A pilot programme is under way to look at giving them contraceptives using devices that only boar can lift up, using their burrowing snouts. The feeder works but the oral contraceptive has not yet been developed.

A fat grey squirrel sits on a house roof next to a hole where tiles are missingView image in fullscreen

Many countries are now banning the use of rodenticides because of their impact on other animals, including birds of prey, which have died from eating the poisoned carcasses.

The chemicals are also considered inhumane, as animals can suffer for several days after eating anticoagulants before they die. Glue traps have been banned in England, Scotland and Wales, and other sorts of live traps will probably be further regulated, according to Prof Steve Belmain, an ecologist from Greenwich University.

Yet rodents pose significant threats to agriculture, as well as transmitting diseases to livestock. “We don’t have many alternatives to lethal control. That’s where fertility control really could be a great opportunity to manage these things,” says Belmain.

Feral horses in the US are already on contraceptives, as well as African elephants outside Kruger national park, who are injected. The only contraceptive registered for use in Europe is nicarbazin, which is only allowed to be used on pigeons in a few countries such as Italy, Spain, Belgium and Austria.

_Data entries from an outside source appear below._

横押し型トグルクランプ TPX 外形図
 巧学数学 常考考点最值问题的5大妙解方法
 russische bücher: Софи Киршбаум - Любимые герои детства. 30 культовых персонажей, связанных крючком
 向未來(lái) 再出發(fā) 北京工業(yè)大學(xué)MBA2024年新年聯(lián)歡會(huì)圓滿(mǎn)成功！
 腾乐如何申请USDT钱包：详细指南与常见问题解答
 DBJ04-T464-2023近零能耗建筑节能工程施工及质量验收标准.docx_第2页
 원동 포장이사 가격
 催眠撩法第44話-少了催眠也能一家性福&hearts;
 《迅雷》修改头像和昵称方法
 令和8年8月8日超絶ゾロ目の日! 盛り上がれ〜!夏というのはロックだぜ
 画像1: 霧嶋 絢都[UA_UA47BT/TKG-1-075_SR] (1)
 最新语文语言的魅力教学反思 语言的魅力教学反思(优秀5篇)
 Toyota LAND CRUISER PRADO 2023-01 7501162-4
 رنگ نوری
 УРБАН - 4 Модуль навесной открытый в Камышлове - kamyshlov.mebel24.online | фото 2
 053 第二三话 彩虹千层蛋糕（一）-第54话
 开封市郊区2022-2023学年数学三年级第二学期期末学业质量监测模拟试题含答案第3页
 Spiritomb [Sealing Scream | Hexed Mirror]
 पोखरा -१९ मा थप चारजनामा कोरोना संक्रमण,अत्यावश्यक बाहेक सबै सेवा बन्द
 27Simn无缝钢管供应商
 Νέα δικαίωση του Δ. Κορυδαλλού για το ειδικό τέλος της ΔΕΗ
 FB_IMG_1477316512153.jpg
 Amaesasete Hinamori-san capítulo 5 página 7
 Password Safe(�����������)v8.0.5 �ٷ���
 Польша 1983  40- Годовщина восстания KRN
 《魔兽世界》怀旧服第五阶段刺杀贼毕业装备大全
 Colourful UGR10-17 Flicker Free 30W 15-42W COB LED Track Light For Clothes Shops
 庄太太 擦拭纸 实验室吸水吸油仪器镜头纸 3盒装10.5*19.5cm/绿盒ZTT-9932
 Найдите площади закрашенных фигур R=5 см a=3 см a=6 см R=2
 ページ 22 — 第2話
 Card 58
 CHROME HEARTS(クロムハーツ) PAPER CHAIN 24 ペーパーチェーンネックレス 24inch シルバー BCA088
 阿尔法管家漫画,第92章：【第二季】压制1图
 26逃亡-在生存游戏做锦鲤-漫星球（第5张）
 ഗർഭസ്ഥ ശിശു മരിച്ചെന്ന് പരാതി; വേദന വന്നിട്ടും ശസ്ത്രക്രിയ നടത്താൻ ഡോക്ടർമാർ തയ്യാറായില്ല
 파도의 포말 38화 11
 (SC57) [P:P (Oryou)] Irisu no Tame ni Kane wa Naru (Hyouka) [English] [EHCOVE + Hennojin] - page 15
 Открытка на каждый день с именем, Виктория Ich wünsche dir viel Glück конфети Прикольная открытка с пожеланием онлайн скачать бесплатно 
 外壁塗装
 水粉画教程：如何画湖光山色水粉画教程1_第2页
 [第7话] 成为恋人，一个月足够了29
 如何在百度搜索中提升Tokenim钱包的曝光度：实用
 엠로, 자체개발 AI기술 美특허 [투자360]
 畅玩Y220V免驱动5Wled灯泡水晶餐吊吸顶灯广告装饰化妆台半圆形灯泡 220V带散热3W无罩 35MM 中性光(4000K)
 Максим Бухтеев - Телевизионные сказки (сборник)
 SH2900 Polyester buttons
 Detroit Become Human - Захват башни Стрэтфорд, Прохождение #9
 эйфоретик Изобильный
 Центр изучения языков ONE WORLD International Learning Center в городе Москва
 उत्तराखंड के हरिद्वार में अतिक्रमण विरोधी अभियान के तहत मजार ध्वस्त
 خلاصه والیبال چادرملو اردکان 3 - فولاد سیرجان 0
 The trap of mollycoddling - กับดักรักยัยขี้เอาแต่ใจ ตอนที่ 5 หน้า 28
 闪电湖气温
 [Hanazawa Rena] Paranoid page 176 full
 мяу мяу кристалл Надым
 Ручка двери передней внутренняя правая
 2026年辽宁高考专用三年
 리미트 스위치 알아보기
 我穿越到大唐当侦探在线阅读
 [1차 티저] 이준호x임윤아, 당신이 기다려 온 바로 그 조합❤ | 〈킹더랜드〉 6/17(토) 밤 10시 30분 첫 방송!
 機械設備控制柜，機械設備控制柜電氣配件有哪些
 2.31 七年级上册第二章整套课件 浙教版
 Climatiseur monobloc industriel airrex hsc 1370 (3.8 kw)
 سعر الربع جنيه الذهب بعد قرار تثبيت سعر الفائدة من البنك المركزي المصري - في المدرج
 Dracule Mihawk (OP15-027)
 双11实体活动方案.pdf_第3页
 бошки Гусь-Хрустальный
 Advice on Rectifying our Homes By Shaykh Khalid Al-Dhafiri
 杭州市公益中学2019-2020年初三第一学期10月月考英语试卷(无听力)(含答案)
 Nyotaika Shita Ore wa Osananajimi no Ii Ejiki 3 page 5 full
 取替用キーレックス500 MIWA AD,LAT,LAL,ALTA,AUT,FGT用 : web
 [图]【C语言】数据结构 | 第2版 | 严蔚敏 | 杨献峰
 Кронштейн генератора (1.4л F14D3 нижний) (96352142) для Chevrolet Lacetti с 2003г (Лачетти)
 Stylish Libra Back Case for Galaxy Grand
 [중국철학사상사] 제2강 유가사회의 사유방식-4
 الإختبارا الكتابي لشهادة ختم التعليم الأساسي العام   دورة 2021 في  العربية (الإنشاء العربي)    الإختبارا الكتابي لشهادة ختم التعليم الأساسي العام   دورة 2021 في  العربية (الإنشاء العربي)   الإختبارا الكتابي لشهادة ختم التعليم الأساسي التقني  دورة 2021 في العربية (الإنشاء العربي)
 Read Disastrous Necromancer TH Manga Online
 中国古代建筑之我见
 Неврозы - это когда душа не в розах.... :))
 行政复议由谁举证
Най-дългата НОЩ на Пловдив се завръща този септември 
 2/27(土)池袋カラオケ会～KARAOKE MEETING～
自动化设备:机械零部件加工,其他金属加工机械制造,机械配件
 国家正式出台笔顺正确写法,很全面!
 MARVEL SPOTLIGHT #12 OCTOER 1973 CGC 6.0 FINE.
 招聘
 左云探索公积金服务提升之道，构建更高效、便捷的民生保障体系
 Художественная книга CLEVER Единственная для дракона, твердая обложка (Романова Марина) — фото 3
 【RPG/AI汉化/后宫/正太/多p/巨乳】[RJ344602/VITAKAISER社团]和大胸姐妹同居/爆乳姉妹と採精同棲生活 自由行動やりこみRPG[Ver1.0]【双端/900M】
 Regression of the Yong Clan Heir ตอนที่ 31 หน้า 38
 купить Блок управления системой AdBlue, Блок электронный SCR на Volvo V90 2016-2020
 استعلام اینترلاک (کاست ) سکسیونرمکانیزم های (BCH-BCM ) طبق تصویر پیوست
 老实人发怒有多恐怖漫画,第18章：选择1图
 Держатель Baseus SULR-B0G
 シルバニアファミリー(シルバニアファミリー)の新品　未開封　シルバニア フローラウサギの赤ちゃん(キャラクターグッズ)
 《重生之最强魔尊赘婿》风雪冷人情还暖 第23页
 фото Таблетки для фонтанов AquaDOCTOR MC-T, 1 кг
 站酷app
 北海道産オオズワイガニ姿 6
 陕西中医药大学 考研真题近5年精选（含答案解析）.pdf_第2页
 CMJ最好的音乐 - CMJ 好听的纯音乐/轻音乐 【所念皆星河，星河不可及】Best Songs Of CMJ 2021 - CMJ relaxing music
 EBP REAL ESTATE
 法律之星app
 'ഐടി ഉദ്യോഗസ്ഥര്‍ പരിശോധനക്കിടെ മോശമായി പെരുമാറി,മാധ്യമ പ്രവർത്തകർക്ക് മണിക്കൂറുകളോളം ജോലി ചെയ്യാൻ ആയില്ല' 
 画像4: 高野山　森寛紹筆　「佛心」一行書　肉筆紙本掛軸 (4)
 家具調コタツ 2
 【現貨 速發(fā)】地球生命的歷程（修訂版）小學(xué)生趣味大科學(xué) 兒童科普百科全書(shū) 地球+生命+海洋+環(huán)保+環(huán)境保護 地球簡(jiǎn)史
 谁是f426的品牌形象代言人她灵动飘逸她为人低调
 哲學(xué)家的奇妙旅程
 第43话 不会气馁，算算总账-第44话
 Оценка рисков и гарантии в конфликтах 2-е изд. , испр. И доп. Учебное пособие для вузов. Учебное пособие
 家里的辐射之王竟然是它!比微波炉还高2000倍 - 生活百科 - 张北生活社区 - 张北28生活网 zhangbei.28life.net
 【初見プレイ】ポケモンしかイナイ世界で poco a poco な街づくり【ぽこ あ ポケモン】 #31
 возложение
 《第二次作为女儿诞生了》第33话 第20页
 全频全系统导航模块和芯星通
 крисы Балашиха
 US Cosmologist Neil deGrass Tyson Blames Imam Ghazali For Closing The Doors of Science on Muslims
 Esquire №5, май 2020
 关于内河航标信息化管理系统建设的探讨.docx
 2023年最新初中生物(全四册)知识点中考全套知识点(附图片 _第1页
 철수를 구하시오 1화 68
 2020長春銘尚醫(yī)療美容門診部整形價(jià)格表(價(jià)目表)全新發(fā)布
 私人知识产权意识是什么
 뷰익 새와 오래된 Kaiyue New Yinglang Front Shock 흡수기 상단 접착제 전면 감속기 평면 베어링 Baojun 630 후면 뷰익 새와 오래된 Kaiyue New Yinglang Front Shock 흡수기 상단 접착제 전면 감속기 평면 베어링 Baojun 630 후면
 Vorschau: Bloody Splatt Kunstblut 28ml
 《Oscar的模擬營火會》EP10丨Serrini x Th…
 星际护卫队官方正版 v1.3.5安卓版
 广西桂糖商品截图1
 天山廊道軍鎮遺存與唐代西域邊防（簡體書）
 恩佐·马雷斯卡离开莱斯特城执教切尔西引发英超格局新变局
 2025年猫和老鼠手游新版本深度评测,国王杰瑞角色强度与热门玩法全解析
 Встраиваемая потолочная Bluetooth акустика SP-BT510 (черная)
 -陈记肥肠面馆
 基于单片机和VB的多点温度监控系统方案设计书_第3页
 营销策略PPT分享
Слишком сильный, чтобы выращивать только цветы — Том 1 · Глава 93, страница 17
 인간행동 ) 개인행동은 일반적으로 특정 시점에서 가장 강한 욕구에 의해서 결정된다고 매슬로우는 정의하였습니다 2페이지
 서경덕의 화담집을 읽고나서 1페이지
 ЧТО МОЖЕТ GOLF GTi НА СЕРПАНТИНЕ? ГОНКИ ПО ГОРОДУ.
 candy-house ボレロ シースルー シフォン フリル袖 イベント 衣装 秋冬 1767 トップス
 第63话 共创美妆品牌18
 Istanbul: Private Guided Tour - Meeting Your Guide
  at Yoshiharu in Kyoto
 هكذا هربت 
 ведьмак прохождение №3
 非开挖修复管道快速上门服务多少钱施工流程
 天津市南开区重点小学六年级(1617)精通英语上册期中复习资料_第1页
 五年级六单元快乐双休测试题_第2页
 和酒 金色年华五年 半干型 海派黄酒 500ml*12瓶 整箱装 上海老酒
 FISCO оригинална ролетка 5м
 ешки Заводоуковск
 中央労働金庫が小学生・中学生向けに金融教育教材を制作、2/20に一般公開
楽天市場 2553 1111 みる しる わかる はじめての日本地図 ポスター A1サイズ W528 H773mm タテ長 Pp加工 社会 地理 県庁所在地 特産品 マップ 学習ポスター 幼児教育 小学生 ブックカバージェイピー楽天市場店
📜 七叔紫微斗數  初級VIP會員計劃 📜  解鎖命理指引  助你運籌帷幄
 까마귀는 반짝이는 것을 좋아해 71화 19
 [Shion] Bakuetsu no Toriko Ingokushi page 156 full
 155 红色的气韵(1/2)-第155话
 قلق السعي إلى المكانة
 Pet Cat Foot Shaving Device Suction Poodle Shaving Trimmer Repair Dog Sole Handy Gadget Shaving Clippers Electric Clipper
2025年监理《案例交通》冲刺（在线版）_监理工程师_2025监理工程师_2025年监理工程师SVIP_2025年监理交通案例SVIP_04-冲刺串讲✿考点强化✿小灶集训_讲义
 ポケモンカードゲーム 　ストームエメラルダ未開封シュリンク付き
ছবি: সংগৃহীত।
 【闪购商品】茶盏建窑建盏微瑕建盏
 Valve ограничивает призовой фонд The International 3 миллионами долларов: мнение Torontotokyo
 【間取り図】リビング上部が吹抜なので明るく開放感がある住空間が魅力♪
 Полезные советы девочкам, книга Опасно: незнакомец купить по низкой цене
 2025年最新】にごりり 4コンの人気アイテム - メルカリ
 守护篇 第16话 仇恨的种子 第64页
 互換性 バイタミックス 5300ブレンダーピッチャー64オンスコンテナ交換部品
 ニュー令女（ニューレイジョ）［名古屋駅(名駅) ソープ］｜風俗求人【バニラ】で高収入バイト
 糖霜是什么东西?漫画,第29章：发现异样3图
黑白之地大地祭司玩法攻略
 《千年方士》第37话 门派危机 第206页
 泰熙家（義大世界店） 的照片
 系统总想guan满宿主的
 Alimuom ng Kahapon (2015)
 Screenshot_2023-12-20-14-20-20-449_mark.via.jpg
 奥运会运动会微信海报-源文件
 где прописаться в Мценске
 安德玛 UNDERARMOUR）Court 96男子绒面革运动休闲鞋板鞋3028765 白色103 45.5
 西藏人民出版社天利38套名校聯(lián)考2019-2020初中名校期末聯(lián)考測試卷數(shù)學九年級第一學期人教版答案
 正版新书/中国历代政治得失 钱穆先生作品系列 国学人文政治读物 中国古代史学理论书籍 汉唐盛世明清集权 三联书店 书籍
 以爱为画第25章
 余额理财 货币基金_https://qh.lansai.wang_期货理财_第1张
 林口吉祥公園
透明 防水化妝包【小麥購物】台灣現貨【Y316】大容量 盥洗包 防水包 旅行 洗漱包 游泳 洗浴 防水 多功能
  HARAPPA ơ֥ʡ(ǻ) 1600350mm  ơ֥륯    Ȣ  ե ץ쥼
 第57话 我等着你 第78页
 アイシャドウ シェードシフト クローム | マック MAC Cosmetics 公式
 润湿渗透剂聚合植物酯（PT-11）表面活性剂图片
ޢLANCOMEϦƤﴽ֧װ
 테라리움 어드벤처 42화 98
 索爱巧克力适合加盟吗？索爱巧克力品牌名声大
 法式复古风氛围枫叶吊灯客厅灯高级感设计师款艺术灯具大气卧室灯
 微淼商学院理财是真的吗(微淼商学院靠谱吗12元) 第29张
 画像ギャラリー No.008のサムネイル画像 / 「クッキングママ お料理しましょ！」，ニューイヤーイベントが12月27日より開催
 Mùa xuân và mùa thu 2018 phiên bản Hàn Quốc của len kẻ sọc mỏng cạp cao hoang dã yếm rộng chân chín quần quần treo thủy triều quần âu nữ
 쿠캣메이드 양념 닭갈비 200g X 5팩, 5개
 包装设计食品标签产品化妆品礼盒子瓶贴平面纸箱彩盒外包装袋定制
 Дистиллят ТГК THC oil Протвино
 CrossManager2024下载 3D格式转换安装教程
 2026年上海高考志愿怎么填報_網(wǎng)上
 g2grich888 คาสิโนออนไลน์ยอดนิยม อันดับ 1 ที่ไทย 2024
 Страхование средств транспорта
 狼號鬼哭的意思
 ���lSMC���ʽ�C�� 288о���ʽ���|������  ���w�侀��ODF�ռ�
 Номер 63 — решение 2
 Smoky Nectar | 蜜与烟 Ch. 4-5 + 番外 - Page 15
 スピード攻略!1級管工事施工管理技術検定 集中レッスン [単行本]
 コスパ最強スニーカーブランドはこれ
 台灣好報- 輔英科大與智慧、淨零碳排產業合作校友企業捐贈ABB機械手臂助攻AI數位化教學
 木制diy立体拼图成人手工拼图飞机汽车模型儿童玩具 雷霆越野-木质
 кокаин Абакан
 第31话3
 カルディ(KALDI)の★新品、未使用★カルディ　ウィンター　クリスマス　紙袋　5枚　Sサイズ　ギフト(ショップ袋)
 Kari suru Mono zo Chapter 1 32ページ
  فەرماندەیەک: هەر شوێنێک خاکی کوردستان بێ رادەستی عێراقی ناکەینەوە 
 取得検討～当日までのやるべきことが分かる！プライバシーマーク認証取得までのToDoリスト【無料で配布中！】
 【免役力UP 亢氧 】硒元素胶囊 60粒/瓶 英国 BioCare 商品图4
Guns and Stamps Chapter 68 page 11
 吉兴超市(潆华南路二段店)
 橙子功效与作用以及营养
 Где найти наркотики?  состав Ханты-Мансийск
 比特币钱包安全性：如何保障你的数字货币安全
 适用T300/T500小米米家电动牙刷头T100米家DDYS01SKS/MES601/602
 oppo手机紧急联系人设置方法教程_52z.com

Researchers are also looking into the possibility of giving deer contraception, but so far no orally administered one has been designed for grazing animals. Britain has more deer than at any point in the past 1,000 years, causing extensive damage to woodlands.

There is concern that using products based on synthetic hormones could result in oestrogenic chemicals getting into the environment, which has negative effects such as feminising male fish. It is also not known what the impacts would be on a predatory bird if it ate a rodent that had eaten a contraceptive. “We need to really understand these things as part of that regulatory process,” says Belmain.